- DATASET EXCERPT:
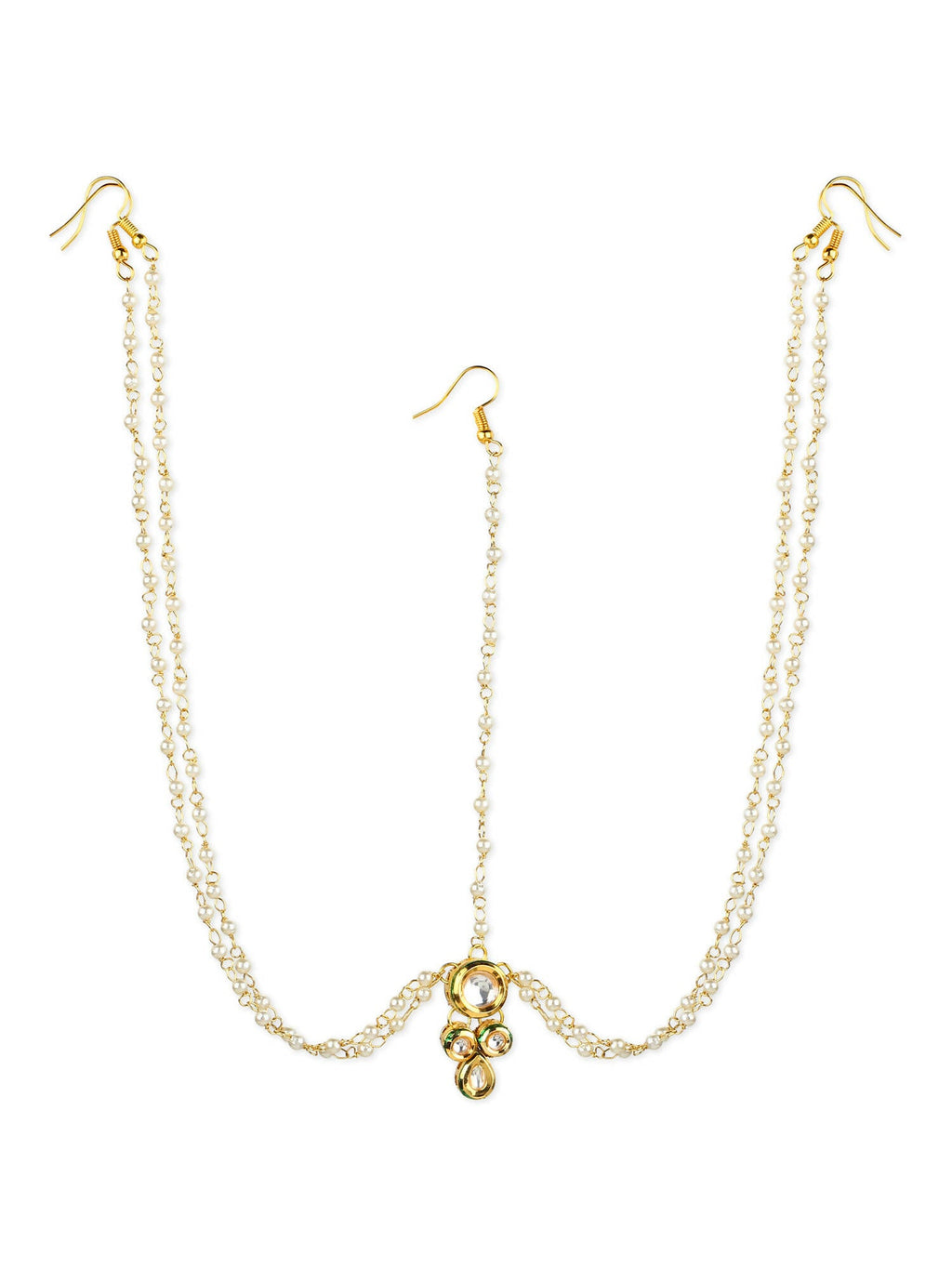Gold-Polished Kundan Head Jewellery - Ruby Raang | Grocsy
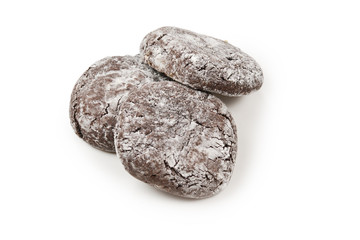 Chocolate cookies isolated on white background.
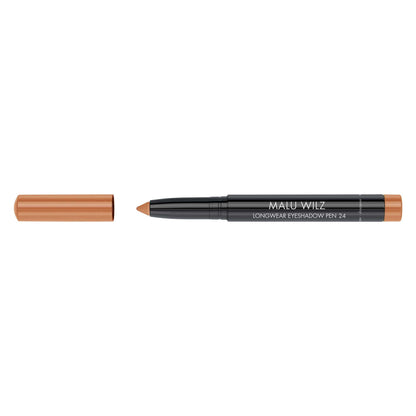 Malu Wilz Long-Lasting Eyeshadow Pen in shade 24, showcasing the pen design and its cap removed.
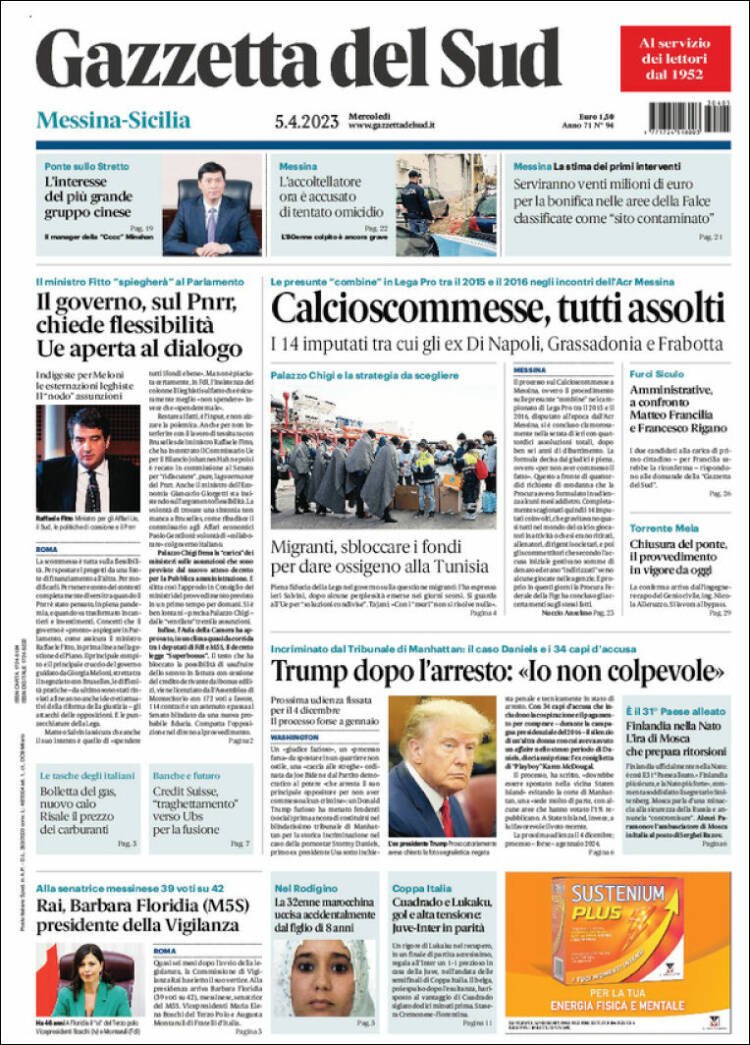 Portada de Gazzetta del Sud (Italia)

- WHAT YOU NEED TO DO:
Reproduce the data in full. Do not carry over any picture.

- RESPONSE BELOW:
Gold-Polished Kundan Head Jewellery - Ruby Raang | Grocsy
 Chocolate cookies isolated on white background.
 Malu Wilz Long-Lasting Eyeshadow Pen in shade 24, showcasing the pen design and its cap removed.
 Portada de Gazzetta del Sud (Italia)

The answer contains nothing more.